Walter G. Alexander II, 1943

Photograph of Walter G. Alexander II, Tuskegee Airman

Photograph of Walter G. Alexander II, Tuskegee Airman, in 1945.

Walter Gilbert Alexander II was born in 1922 in Petersburg, Virginia. He was born into a family with multiple generations of doctors who migrated from Virginia to New Jersey following a chain migration pattern. Alexander was named for his great uncle, Walter Gilbert Alexander—a Virginia-born physician and politician who settled in Orange, New Jersey, and became the first African American elected to the New Jersey state legislature in 1920. Alexander’s father was a dentist who decided to relocate to New Jersey to join other members of the family; he was active with the NAACP. His mother attended Fisk University and worked as a social worker for the City of Orange.
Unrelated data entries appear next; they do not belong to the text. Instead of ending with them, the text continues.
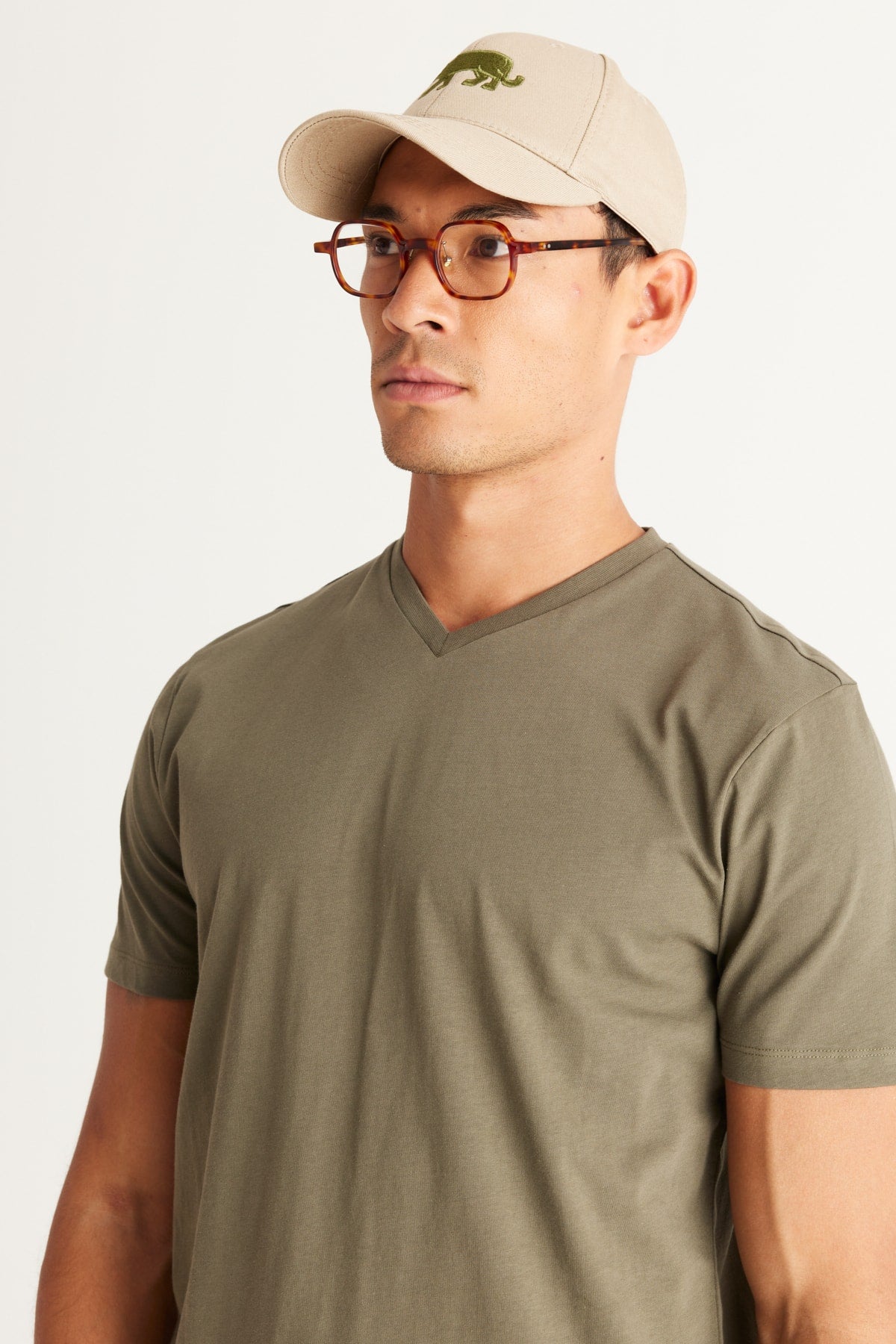 Men's Khaki Slim Fit Slim Fit 100% Cotton V-Neck Short Sleeved T-Shirt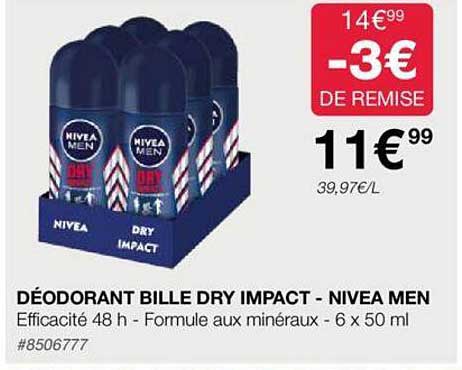 déodorant bille dry impact - nivea men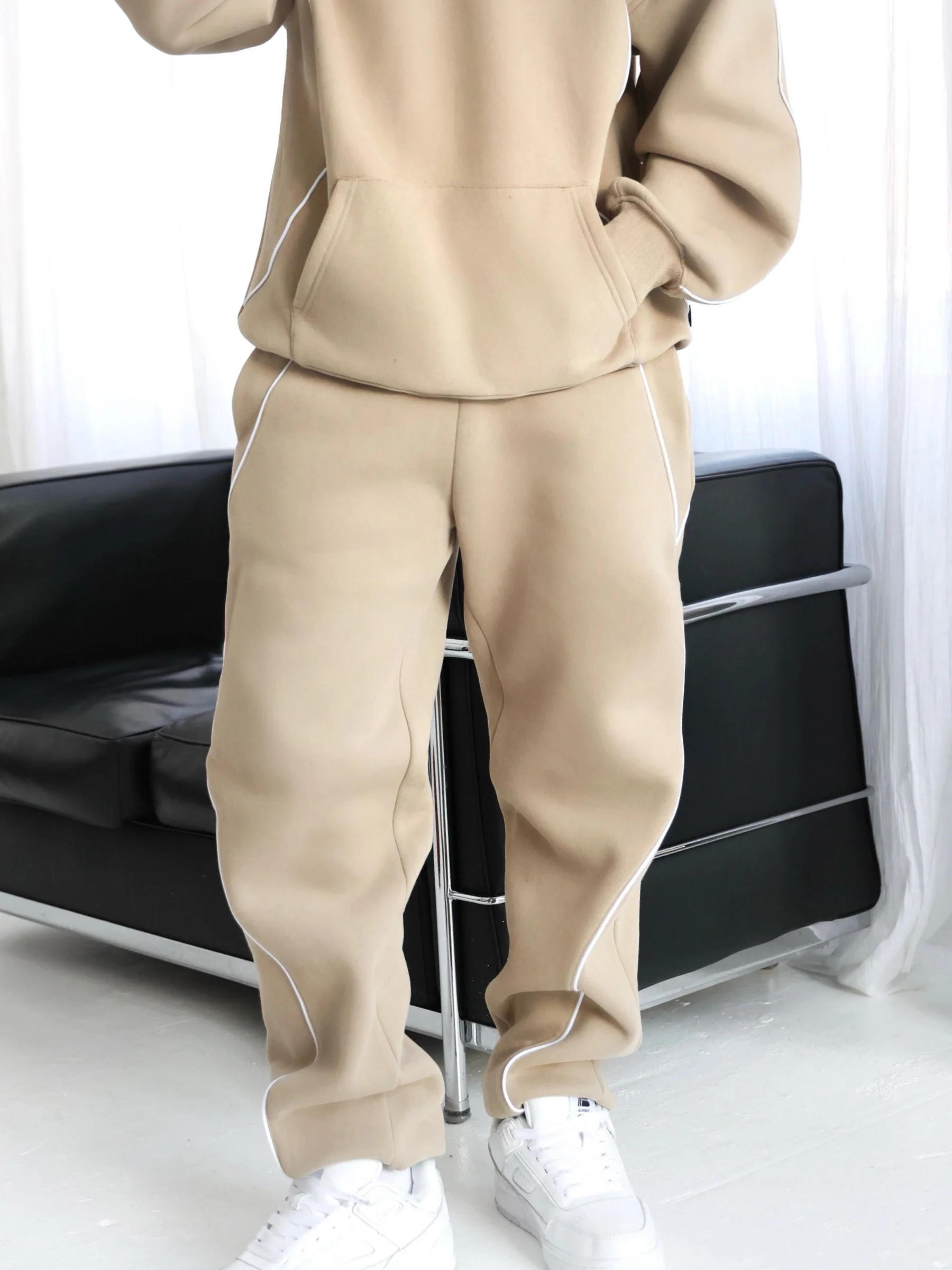 Seam Relaxed Sweatpants - Washed Khaki - Prinboxs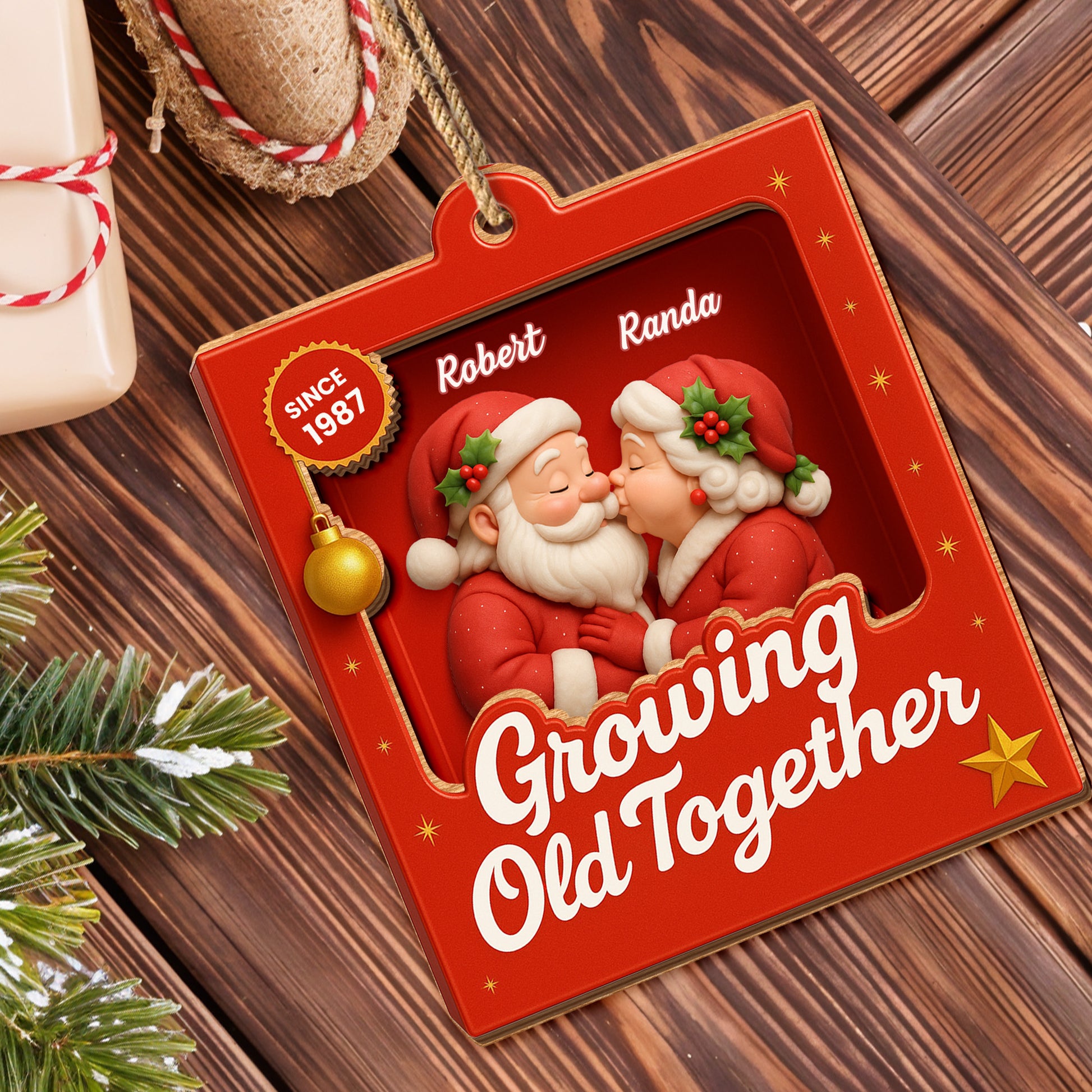 Growing Old Together Santa Claus Christmas Decoration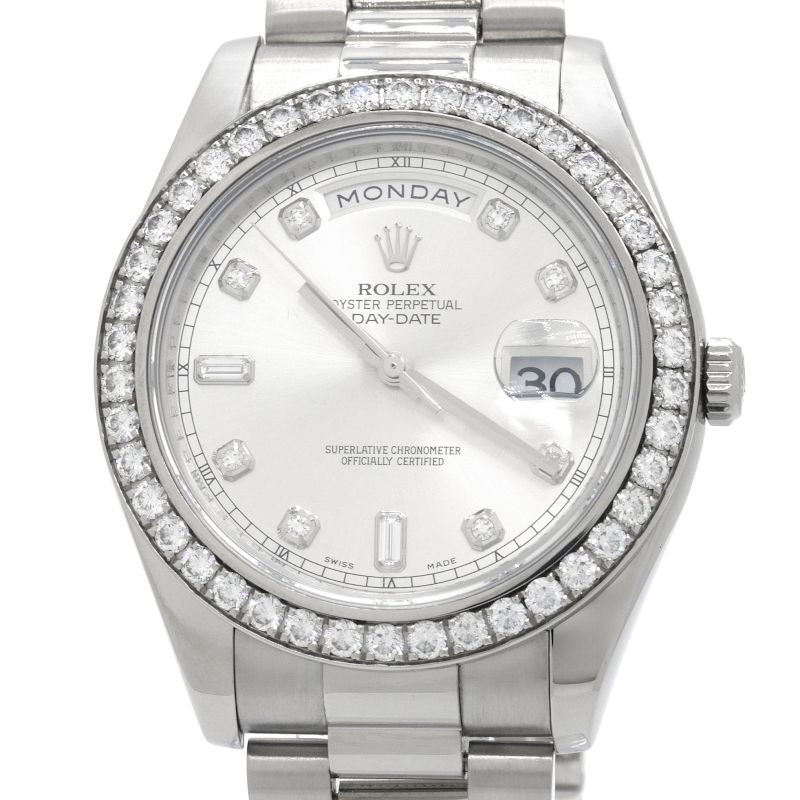 [3年保証] ロレックス メンズ デイデイト2 218349A V番 K18WG 保証書付き ベゼルダイヤ ホワイトゴールド 自動巻き 腕時計 中古 送料無料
In 1943, Alexander became the first African American student to graduate from the Rutgers School of Engineering. After graduation, he first went to Los Angeles for an engineering job with Douglas Aircraft and then decided to enlist in the war effort. He completed pilot training at Tuskegee just as World War II was coming to an end in 1945. He was commissioned as a second lieutenant with the Army Air Force, but did not fly a combat mission. After his discharge from the military, he struggled to find an engineering job in the swollen post-war job market in a profession that only offered African Americans very limited opportunities.

Alexander then decided to fulfill his father’s long-held hope of carrying on the family legacy in medicine. He went to dental school at Howard University and graduated in 1952 with a doctorate in dental surgery. He returned to New Jersey to practice dentistry. Twenty years later he once again added another “first” to his list: this time becoming the first African American to serve on the New Jersey State Board of Dentistry from 1972 to 1977. He continued practicing dentistry until 2007.

In the final years of his life, Walter G. Alexander II was honored twice by Rutgers alumni organizations. He was inducted into the Hall of Fame of the Rutgers African-American Alumni Alliance in 2007. Then in 2009 he was inducted into the Rutgers Hall of Distinguished AlumniHe passed away shortly after this in 2009.